> Directions: Skip every picture, and copy exactly the lines from the one containing "Soothe Eczema Around" to the end of the data.

> Material supplied:

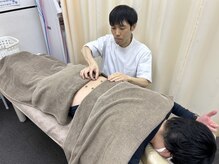 お灸の施術も可能！※鍼灸師出勤日のみ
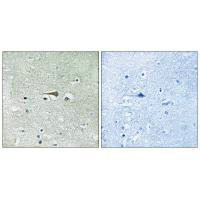Immunohistochemistry analysis of paraffin-embedded human brain tissue using TTK (Ab-676) antibody. Immunohistochemistry analysis of paraffin-embedded human brain tissue using TTK (Ab-676) antibody.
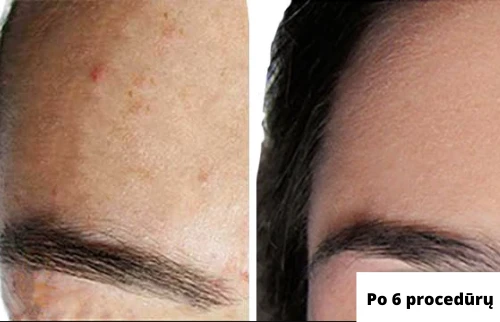 Vakuuminis veido porų valymo prietaisas, Skinbeat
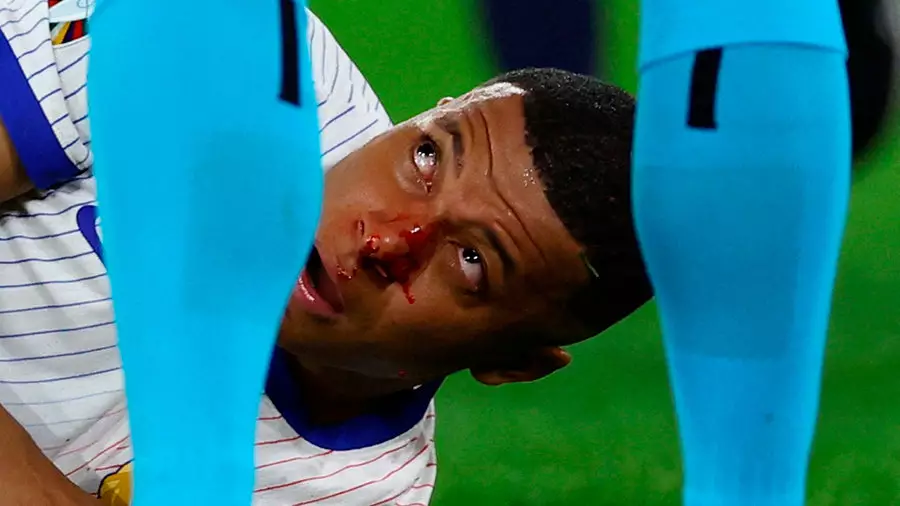 Мбаппе сломал нос и, похоже, пропустит весь групповой турнир Евро. У Франции проблемы?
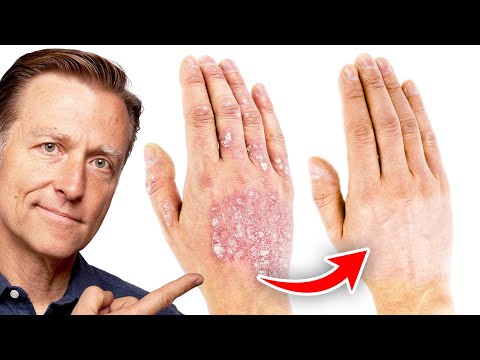 Soothe Eczema Around Your Mouth with Innovative Solutions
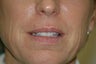 Lip augmentation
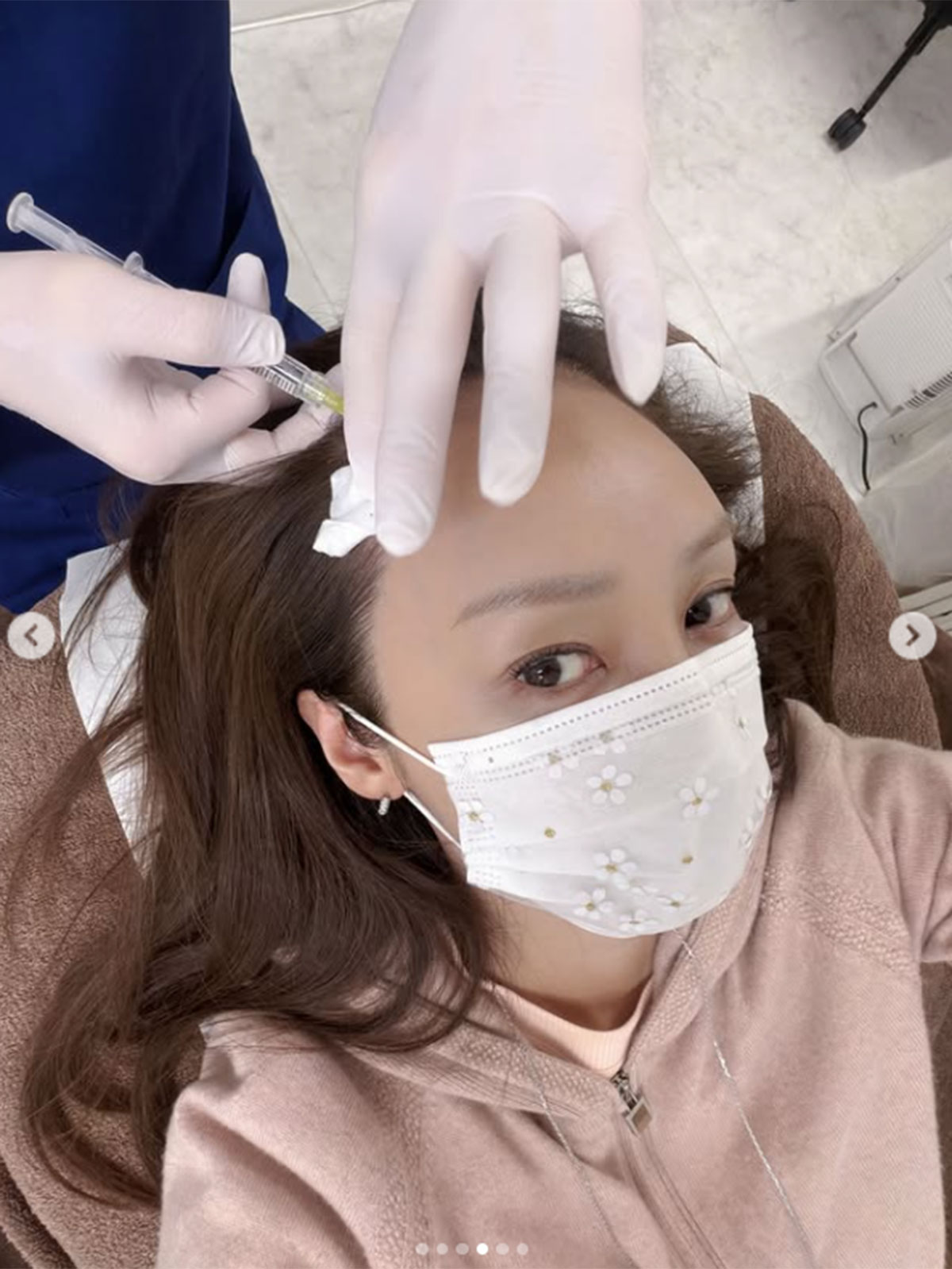 神田うののInstagramより。薄毛治療をおこなったことを報告した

> Answer:
 Soothe Eczema Around Your Mouth with Innovative Solutions
 Lip augmentation
 神田うののInstagramより。薄毛治療をおこなったことを報告した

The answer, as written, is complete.